The U.S. Food and Drug Administration has approved venetoclax (VENCLEXTA) plus acalabrutinib (CALQUENCE) for adults with previously untreated chronic lymphocytic leukemia or small lymphocytic lymphoma, AbbVie and AstraZeneca said in company statements dated Feb. 20, 2026. One outlet noted the approval as Feb. 19, 2026, a discrepancy in reported timing among sources.

The clearance is based on results from the phase III AMPLIFY trial (NCT05197192), which randomized patients 1:1:1 to acalabrutinib plus venetoclax (AV), AV plus obinutuzumab (AVO), or investigator choice chemoimmunotherapy with fludarabine, cyclophosphamide and rituximab (FCR) or bendamustine plus rituximab (BR). The primary endpoint compared investigator-assessed progression-free survival for AV versus chemoimmunotherapy in the intention-to-treat population; overall survival and undetectable minimal residual disease were listed as key secondary endpoints.

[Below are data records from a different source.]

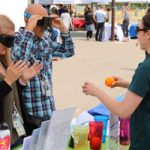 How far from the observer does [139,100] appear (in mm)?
2184

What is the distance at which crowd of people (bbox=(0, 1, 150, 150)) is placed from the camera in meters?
2.21

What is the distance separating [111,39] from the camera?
A: 2047 centimetres

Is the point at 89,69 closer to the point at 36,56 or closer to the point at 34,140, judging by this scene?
the point at 36,56

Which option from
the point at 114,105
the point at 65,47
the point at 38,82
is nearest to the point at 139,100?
the point at 114,105

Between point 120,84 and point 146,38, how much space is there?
54 cm

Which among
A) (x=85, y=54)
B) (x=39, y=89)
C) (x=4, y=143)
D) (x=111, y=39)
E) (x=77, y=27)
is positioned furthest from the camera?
(x=77, y=27)

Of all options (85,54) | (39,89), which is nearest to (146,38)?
(39,89)

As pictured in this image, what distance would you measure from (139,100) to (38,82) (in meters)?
1.25

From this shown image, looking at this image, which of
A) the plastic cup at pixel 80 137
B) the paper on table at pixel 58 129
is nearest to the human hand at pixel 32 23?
the plastic cup at pixel 80 137

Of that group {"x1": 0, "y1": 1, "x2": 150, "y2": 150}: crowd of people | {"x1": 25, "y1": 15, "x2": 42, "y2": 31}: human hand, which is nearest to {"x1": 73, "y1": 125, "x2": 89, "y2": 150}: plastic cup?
{"x1": 0, "y1": 1, "x2": 150, "y2": 150}: crowd of people

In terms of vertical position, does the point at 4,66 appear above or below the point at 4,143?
above

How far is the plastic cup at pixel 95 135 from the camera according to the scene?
9.12ft

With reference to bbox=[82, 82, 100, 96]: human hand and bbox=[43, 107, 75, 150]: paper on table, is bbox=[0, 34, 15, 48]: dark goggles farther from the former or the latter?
bbox=[43, 107, 75, 150]: paper on table

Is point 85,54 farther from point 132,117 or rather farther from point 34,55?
point 132,117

Companies highlighted a marked clinical benefit. AstraZeneca said, "CALQUENCE plus venetoclax demonstrated statistically significant and clinically meaningful improvement in progression-free survival vs. chemoimmunotherapy, with 77% of patients progression free at three years in AMPLIFY Phase III trial." OncologyNewsCentral and LymphomaHub reported that fixed-duration AV reduced the risk of disease progression or death by 35% versus chemoimmunotherapy, with a hazard ratio of 0.65 (95% confidence interval, 0.49–0.87; P = .0038). At a median follow-up of 42.6 months, median PFS was not estimable in the AV group (reported as "not estimable" or "not reached" with a 95% CI lower bound of 51.1 months) versus 47.6 months in the chemoimmunotherapy group (95% CI, 43.3 months to not estimable).

AI-generated illustration
AI-generated illustration

On overall survival, OncologyNewsCentral reported that at a median follow-up of 41.0 months there were 18 deaths (6%) in the AV group and 42 deaths (14%) in the chemoimmunotherapy group. AMPLIFY excluded patients with 17p deletion or TP53 mutation, limiting the label to patients without those high-risk genomic features.

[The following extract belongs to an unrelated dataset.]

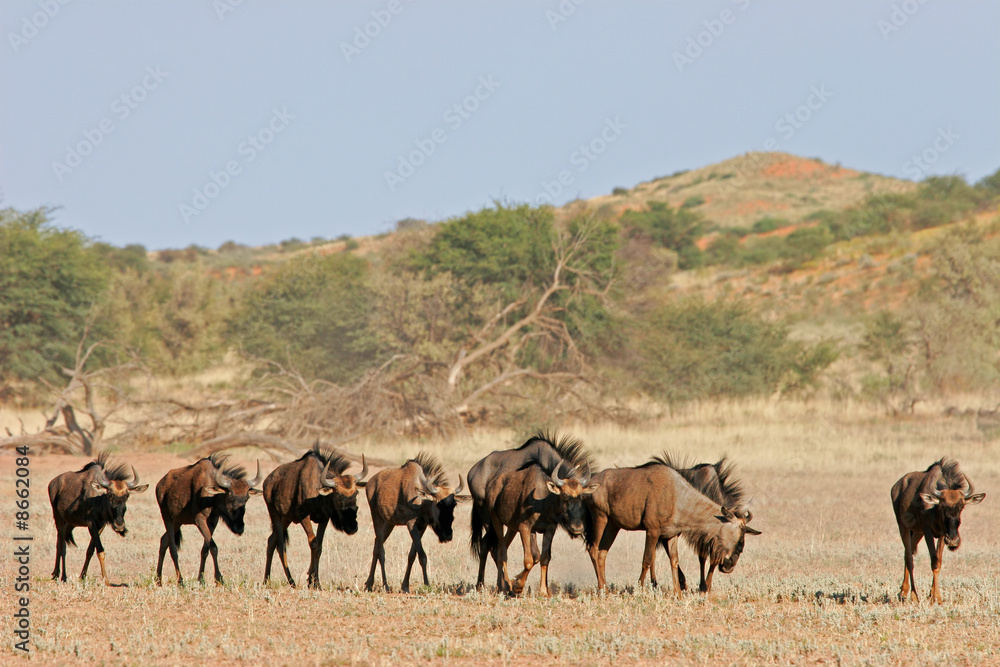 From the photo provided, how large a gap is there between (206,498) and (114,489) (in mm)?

Safety signals were described as consistent with known profiles of the two agents. LymphomaHub listed the most common serious adverse events in the AV arm as COVID-19 including COVID-19 pneumonia at 9%, secondary primary malignancies at 2.7%, and neutropenia at 2.1%.

Data visualization chart
Serious AEs (%)

Company leaders and clinicians framed the approval as a meaningful shift toward time-limited, oral therapy. Jennifer Brown, MD, PhD, principal investigator of AMPLIFY, said, "The continuous regimens frequently used to treat chronic lymphocytic leukemia often come with side effects that may become burdensome to patients over time. The US approval of the CALQUENCE combination offers patients an all‑oral, 14‑month, fixed‑duration treatment option that is highly effective and well‑tolerated, and gives physicians greater flexibility to tailor treatment plans for individual patient needs and goals." Dave Fredrickson, executive vice president at AstraZeneca, added, "Today’s approval delivers the first all‑oral, fixed‑duration BTK inhibitor‑based regimen in the US for the treatment of chronic lymphocytic leukemia. This CALQUENCE combination has the potential to meaningfully change 1st‑line chronic lymphocytic leukemia treatment decisions and underscores our commitment to improving on the current standard of care for people living with blood cancers." AbbVie emphasized the combination as "the first and only all‑oral, fixed‑duration regimen for previously untreated patients," and Svetlana Kobina of AbbVie called the approval "a significant milestone." Dr. Brian Koffman of CLL Society noted the value of an "all oral, time‑limited option" for patients.

Although the approval promises shorter, clinic-free treatment for many patients, key practical details remain unreported in company materials: total AMPLIFY enrollment, full toxicity grading and discontinuation rates, dosing schedules, official FDA label language, and cost and insurance coverage implications. Clinicians and patients will likely weigh the regimen's fixed 14-month course and oral delivery against access, affordability and applicability for patients with high-risk genomic features not studied in AMPLIFY.